India to Block $1.3 Billion Chinese Pharmaceutical Takeover, Sources SayBy and
Fosun, Gland still to be officially notified, people say
Border spat between India, China have escalated tensions
India is poised to reject Shanghai Fosun Pharmaceutical Group Co.’s proposed $1.3 billion takeover of an Indian drugmaker, according to people familiar with the matter, scuppering the biggest-ever Chinese acquisition in the country.
The Cabinet Committee on Economic Affairs, chaired by Prime Minister Narendra Modi, has decided to block the Chinese firm’s purchase of an 86 percent stake in Gland Pharma Ltd., said the people. The companies haven’t been formally notified yet of the move, the people said, asking not to be identified because the information is private.
Tensions between India and China -- the South Asian nation’s biggest trading partner -- have escalated amid a renewed spat over territory in a remote area of the Himalayas, one of the most serious flareups since a border war in 1962. A collapse of the acquisition would be a setback for Fosun Pharma, which had sought Gland Pharma’s stable of generic injectable medicines and facilities approved to manufacture products for sale in the U.S.
Fosun Pharma shares fell as much as 1.8 percent on Tuesday before trading 1.4 percent lower to HK$28.20 at 2:39 p.m. in Hong Kong. The city’s benchmark Hang Seng Index rose 0.7 percent.
“This is almost like a sanction,” said Abhijit Joshi, a mergers and acquisitions lawyer and managing partner at Veritas Legal in Mumbai, who isn’t involved in the deal. “Rejecting a deal like this is almost like sending a signal to say, ‘no Chinese business,’ which means there could be a retaliatory action, trade wise, by China.”
Fosun Pharma, backed by Chinese billionaire Guo Guangchang, said in an exchange filing Tuesday that Gland Pharma hasn’t received notice on the result of the acquisition review from the Indian government.
The arm of Chinese conglomerate Fosun International Ltd. agreed in July last year to acquire control of Gland Pharma from an investor group including KKR & Co.
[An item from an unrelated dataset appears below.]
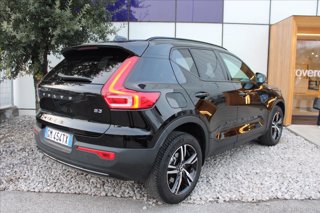 VOLVO XC40 B3 automatico Plus Dark 1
The setback highlights the difficulties faced by China’s once-prolific acquirers, which are facing mounting pressure at home and abroad. HNA Group Co. recently scrapped the purchase of an in-flight entertainment provider, while Dalian Wanda Group Co. agreed to sell most of its theme-park assets amid scrutiny from regulators.
The Gland Pharma purchase had already completed Indian antitrust filings and been reviewed by the country’s Foreign Investment Promotion Board. Jagdish Thakkar, a spokesman in the Indian Prime Minister’s Office, didn’t return phone calls, while an email sent to Cabinet Secretary Pradeep Kumar Sinha wasn’t answered. Representatives for Gland Pharma and KKR didn’t immediately respond to requests for comment.
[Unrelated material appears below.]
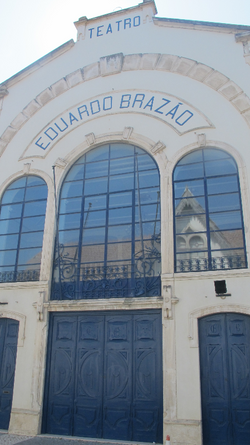 fachada teatro eduardo brazão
“India’s engagement with China is multifaceted. In areas where we have commonality of views, engagement has expanded and upgraded in recent years,” India’s junior Foreign Minister V.K. Singh told lawmakers on Thursday, adding that both sides should be guided by previously agreed principles. “India and China, in their relationship, must not allow differences to become disputes.”
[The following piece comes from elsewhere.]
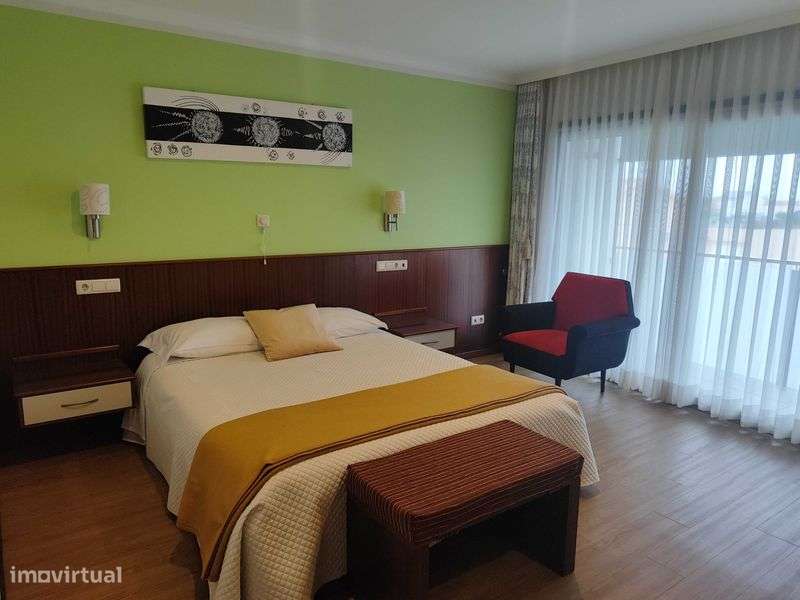 Moradia T5 - Restaurante com sala para 60 pessoas - Grande imagem: 5/12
Fosun Pharma said in a July 27 filing to the Hong Kong bourse that it had obtained relevant approvals from Chinese authorities. The acquisition is still subject to the review and approval of India’s Cabinet Committee on Economic Affairs, so the termination date has been further extended to Sept. 26, the filing shows.
Chinese drugmakers have grown more ambitious in seeking deals that will give them access to the U.S., the world’s biggest pharmaceutical market. Valeant Pharmaceuticals International Inc. this year sold its Dendreon Pharmaceuticals unit to Chinese conglomerate Sanpower Group Co. for $820 million. Humanwell Healthcare Group Co., a Chinese maker of anesthetics and contraceptives, is part of a consortium that agreed in June to buy U.S.-based RiteDose for about $605 million.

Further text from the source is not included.